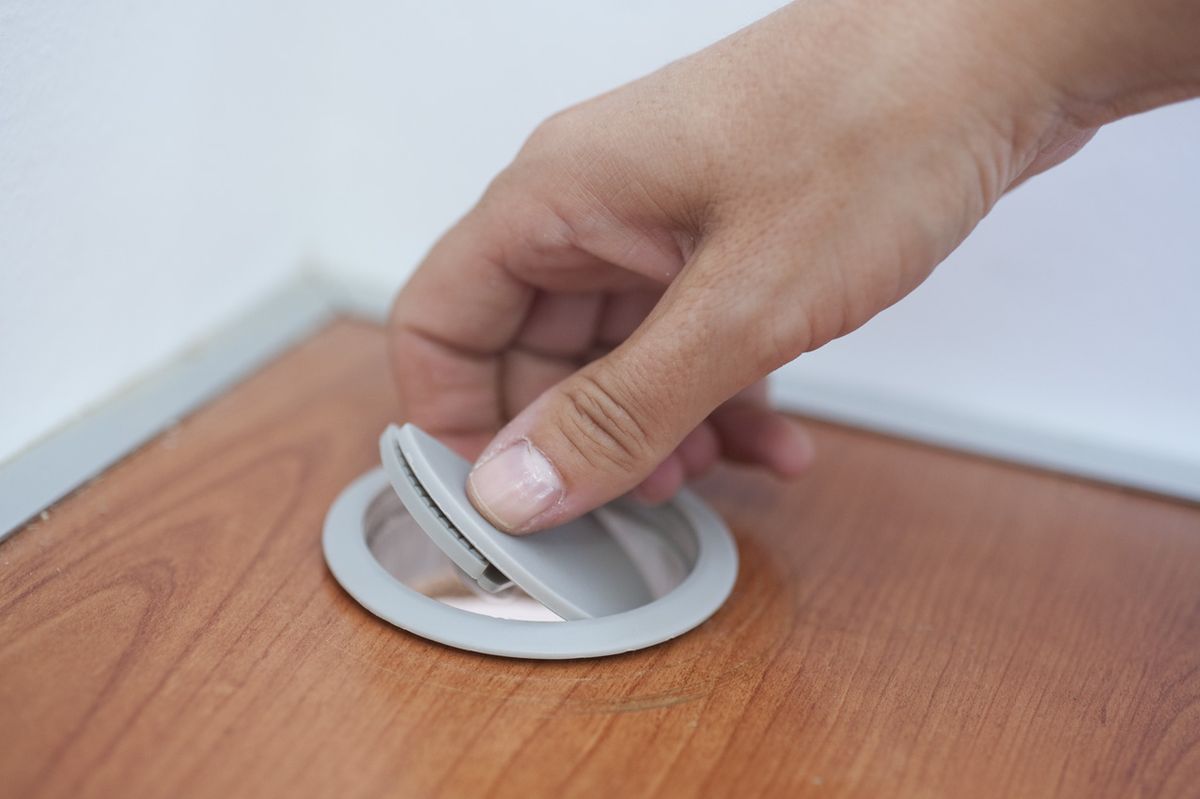 Bricomania 665 Colocar tapa pasacables p5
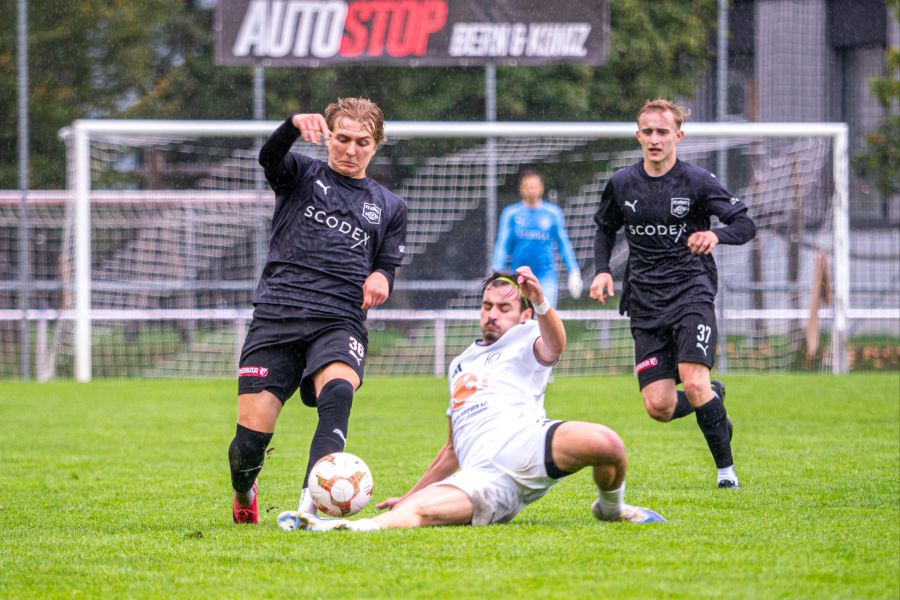 Bajinovic (Köniz, links) gegen Gajic (Allschwil).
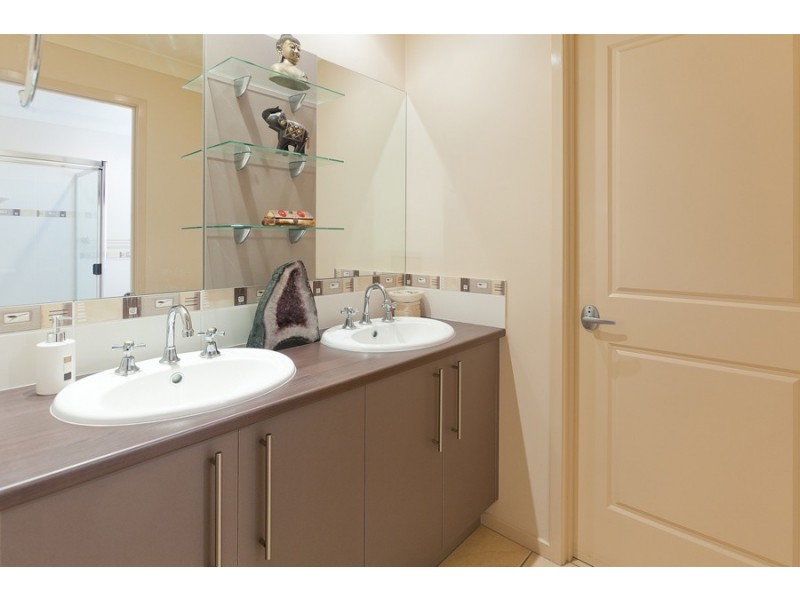 17 De Marce Court, Springfield Lakes QLD 4300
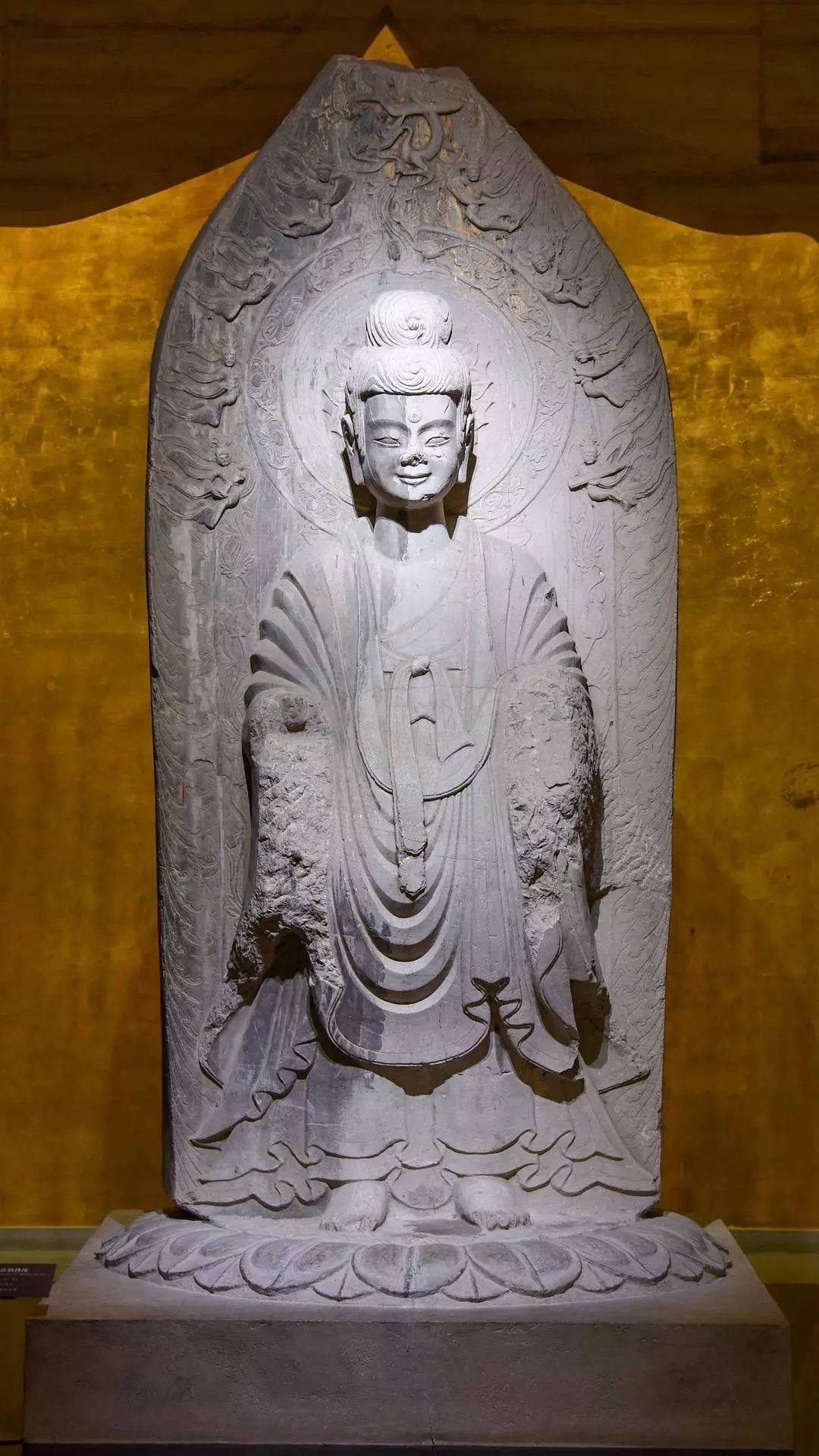 变为额方颐圆,呈现出新特点;李清泉以为佛像上衣的厚重两面坡形衣褶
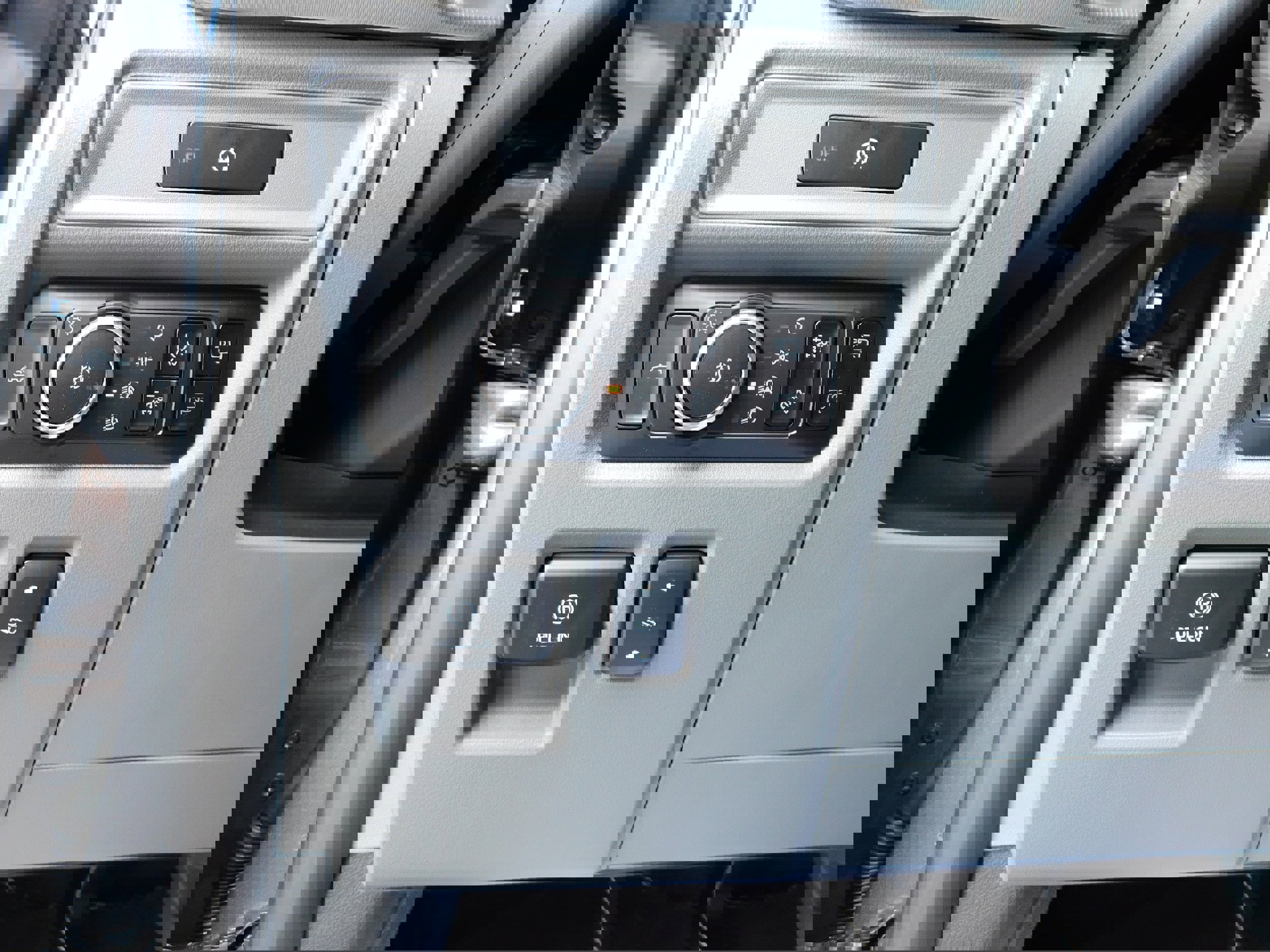 New 2025 Ford F150 Lariat w/ Equipment Group 501A Mid image 15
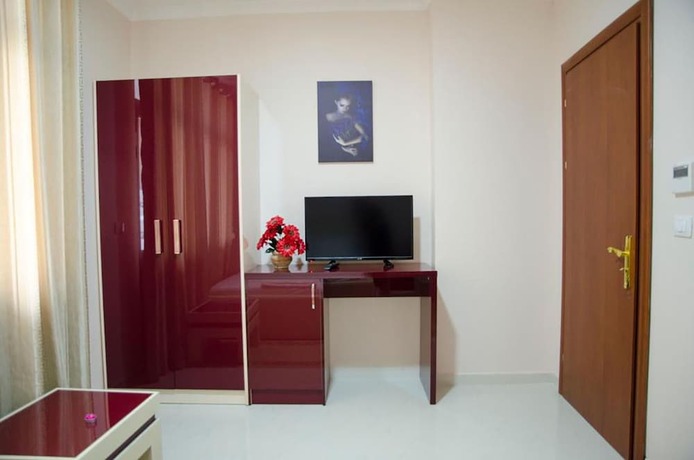 Imagen general del Hotel Ikea, Kamëz. Foto 1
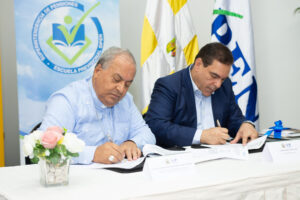 Superintendente y SIPEN y Rector UCSD mientras firman acuerdo.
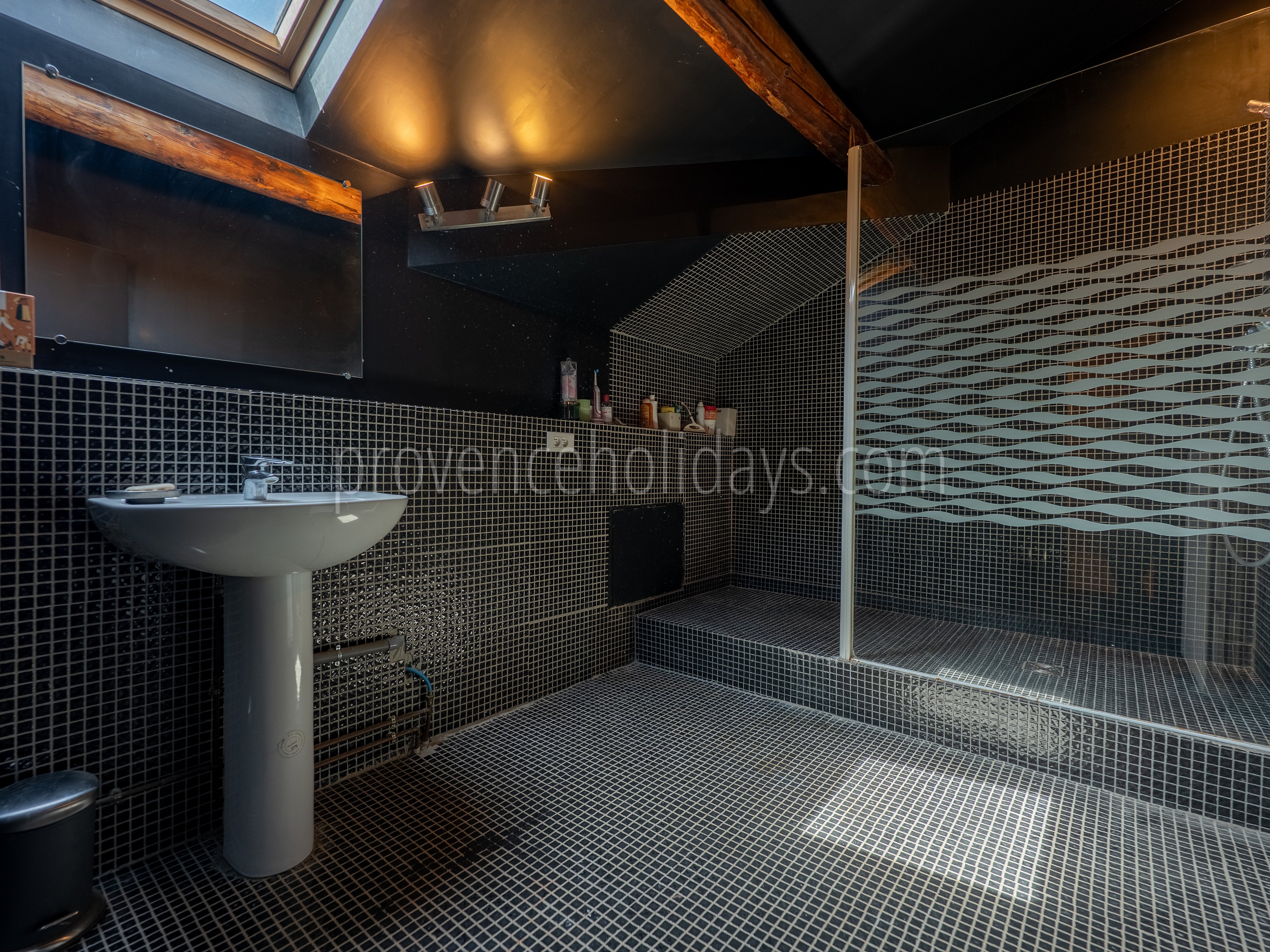 34 - Hotel particulier dans le centre de Mazan: Villa: Bathroom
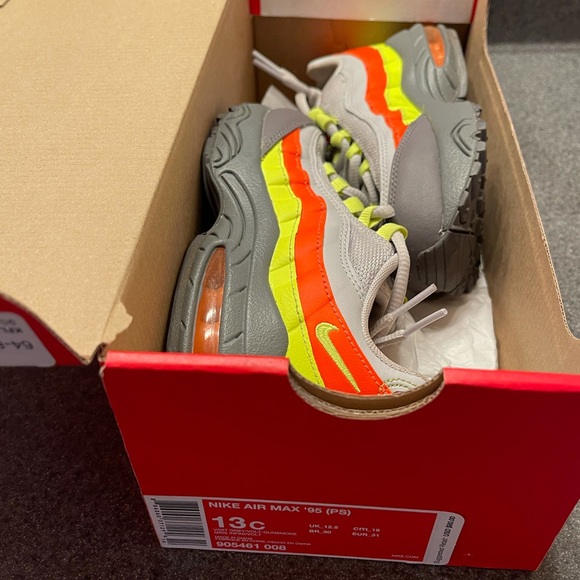 Nike Air Max’ 95 (PS) (SOLD) - Picture 2 of 5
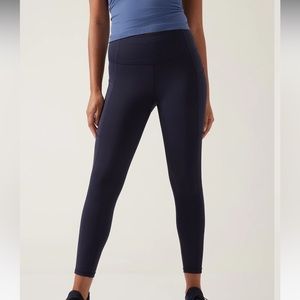 Athleta Ultimate Stash 7/8 Tight
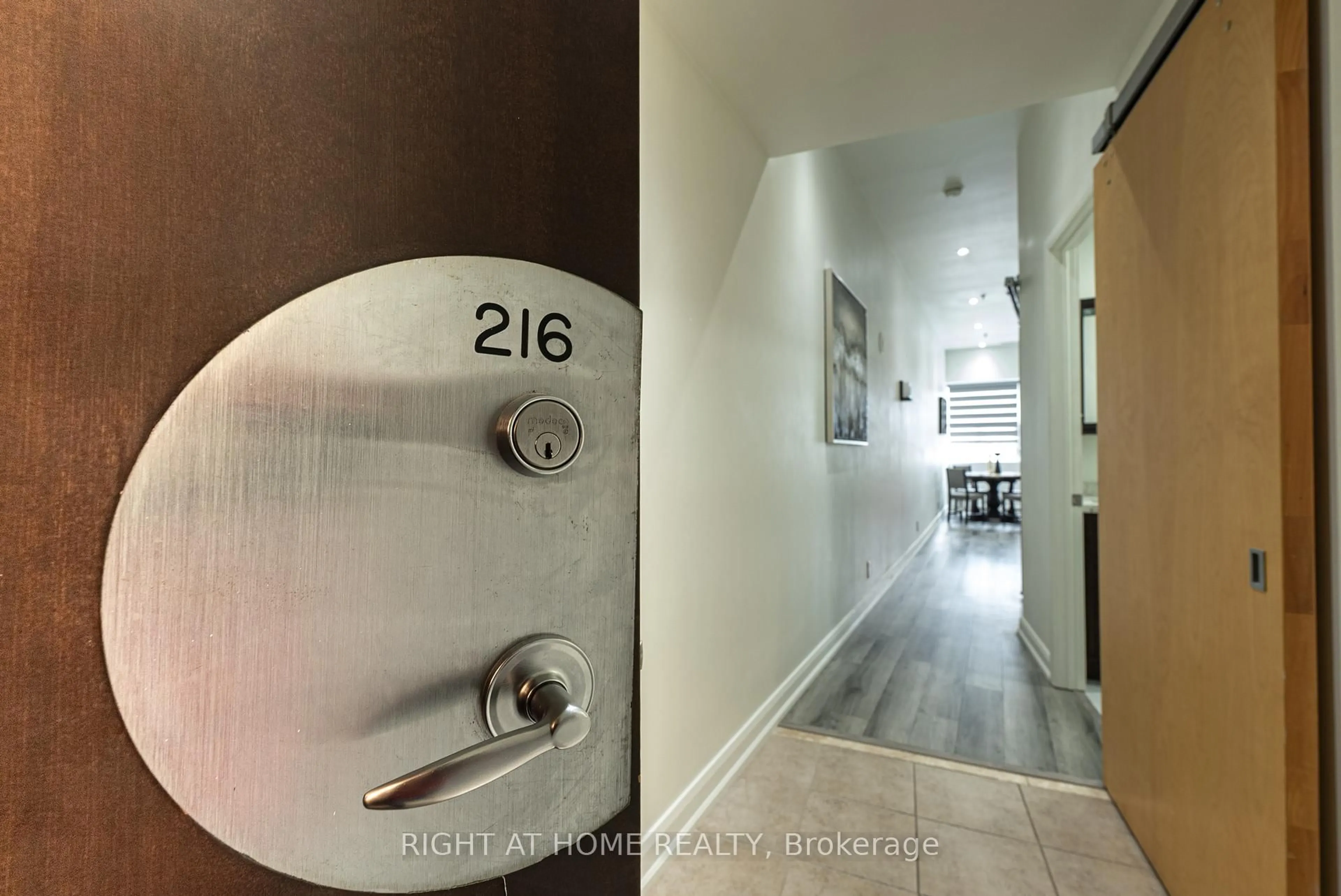 Indoor entryway for 700 King St #216, Toronto Ontario M5V 2Y6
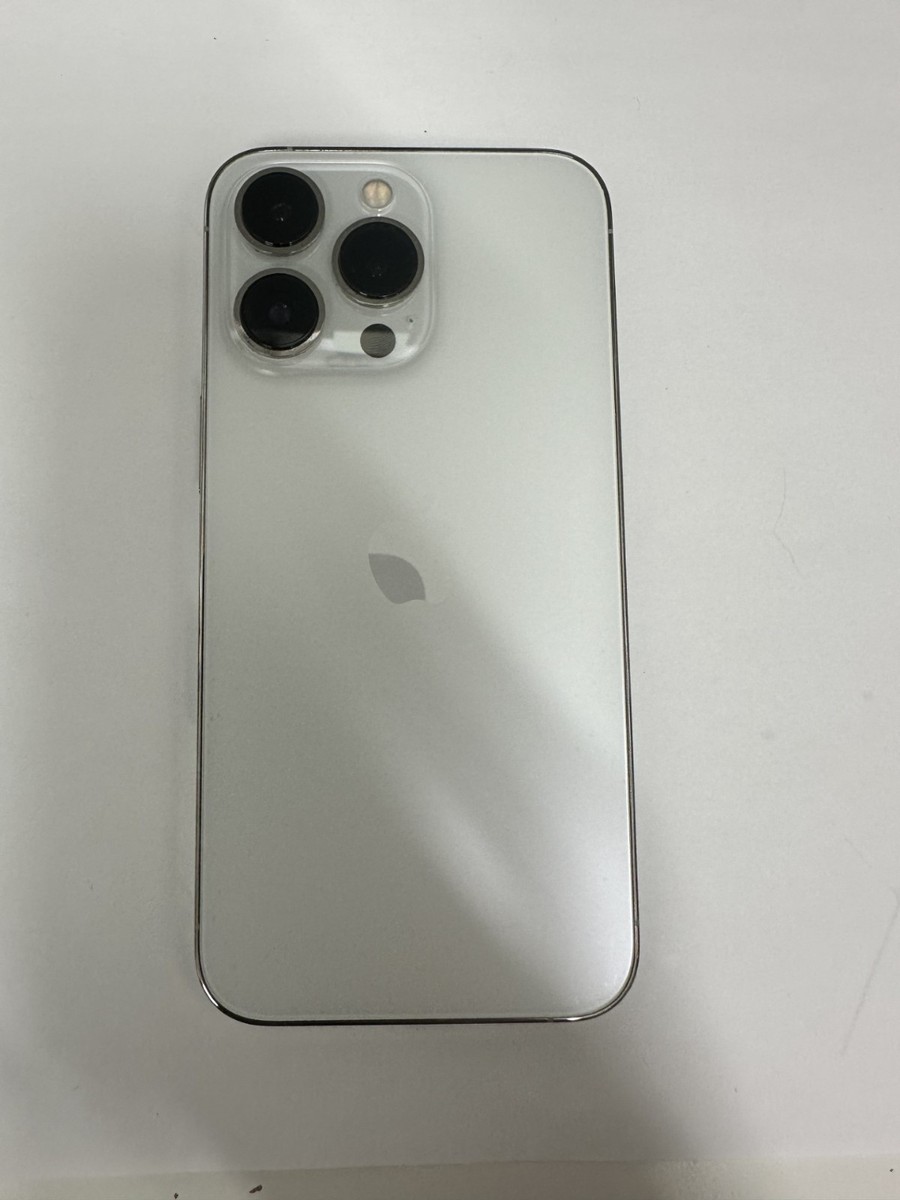 Apple iPhone 13 Pro- Locked to Unknown Carrier- 128 GB -Silver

● Work order: Please set down every line of the listing verbatim, excluding its pictures.

● Finished task:
 Bricomania 665 Colocar tapa pasacables p5
 Bajinovic (Köniz, links) gegen Gajic (Allschwil).
 17 De Marce Court, Springfield Lakes QLD 4300
 变为额方颐圆,呈现出新特点;李清泉以为佛像上衣的厚重两面坡形衣褶
 New 2025 Ford F150 Lariat w/ Equipment Group 501A Mid image 15
 Imagen general del Hotel Ikea, Kamëz. Foto 1
 Superintendente y SIPEN y Rector UCSD mientras firman acuerdo.
 34 - Hotel particulier dans le centre de Mazan: Villa: Bathroom
 Nike Air Max’ 95 (PS) (SOLD) - Picture 2 of 5
 Athleta Ultimate Stash 7/8 Tight
 Indoor entryway for 700 King St #216, Toronto Ontario M5V 2Y6
 Apple iPhone 13 Pro- Locked to Unknown Carrier- 128 GB -Silver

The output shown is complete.